Directions: For this exercise, return exactly the lines of the material below that begin at the one with "BT21 – keraminis puodelis 300 ml MANG" and stop after the one with "Buy the latest".

Data records:

Segment Open

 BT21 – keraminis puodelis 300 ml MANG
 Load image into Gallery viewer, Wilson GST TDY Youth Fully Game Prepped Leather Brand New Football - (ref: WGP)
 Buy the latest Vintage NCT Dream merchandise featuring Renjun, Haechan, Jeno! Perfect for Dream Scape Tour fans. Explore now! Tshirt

Segment Closed
Segment Open

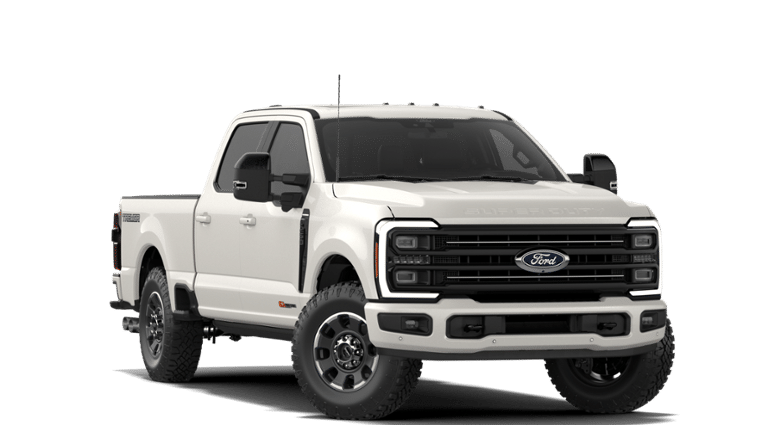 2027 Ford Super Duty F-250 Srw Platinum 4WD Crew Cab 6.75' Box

Segment Closed

Exercise output:
 BT21 – keraminis puodelis 300 ml MANG
 Load image into Gallery viewer, Wilson GST TDY Youth Fully Game Prepped Leather Brand New Football - (ref: WGP)
 Buy the latest Vintage NCT Dream merchandise featuring Renjun, Haechan, Jeno! Perfect for Dream Scape Tour fans. Explore now! Tshirt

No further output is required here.